Thanks. I've read most of your posts and sensed this was, in fact, your view. Do you also recognize (literally) John's account of Jesus' words:
"No man can come to me, except the Father which hath sent me draw him: and I will raise him up at the last day" (Jn 6:44).
I do. The implication also, to me, is that no amount of proselytizing on my part (or Jesus' part, for that matter, two millennia ago) will convince another of his claim to be the Son of God except the Father himself give this person conviction of the same. This would also imply that no written history or oral account has that power either, whether it stem from India, West Africa or the Middle East.
So then, if you also recognize this, what was the point of the so-called, "Great Commission," to go forth and preach the gospel to the whole world? Why was it necessary to forestall the end until this had been accomplished? Or is this doctrine one of those pearls of consensus got of Constantine's lock-up in Nicaea?"

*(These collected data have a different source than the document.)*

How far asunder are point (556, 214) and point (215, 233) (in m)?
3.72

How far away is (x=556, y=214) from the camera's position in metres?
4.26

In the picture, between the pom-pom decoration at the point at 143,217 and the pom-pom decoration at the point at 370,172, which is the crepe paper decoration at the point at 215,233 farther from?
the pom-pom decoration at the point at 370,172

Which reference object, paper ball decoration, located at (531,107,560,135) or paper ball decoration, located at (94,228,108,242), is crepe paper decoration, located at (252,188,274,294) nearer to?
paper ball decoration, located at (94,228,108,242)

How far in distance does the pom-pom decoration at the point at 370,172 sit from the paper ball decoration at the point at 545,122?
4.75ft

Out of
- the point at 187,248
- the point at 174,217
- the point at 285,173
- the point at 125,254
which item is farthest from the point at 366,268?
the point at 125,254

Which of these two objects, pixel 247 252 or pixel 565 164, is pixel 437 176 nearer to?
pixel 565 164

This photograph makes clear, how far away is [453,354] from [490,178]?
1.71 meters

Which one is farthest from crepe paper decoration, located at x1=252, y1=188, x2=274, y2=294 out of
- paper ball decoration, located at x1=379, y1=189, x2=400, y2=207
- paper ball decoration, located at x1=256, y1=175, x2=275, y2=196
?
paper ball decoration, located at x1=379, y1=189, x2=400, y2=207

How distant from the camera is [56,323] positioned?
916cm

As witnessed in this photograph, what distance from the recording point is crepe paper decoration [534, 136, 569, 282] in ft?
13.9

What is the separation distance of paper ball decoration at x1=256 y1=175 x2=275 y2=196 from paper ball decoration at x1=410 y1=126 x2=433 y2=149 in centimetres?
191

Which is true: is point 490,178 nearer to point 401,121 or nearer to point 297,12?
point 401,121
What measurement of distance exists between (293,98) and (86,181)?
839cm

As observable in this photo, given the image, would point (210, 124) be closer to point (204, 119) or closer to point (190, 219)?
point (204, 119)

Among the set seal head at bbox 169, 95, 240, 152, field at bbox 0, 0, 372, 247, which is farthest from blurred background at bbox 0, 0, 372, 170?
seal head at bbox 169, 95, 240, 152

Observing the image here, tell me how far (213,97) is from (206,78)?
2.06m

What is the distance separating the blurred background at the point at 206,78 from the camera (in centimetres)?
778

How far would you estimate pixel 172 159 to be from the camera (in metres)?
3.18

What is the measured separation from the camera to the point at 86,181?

I'd welcome Gene's thoughts on this as well. In particular, what further implication this may have for a discussion relative to the origin of Christ. I may be mistaken, but my impression is that a man or woman claiming to be a master, or guide, or initiator is, in fact, the catalyst . . .
Warm regards for all,
Ps. Rob, this maybe the topic for a separate thread, but I'd love to get your take on the "Grail." Specifically, do you see this as a literal relic (hidden in France, as some suggest), or is it meant as a metaphor that perhaps better illustrates an idea found in scripture?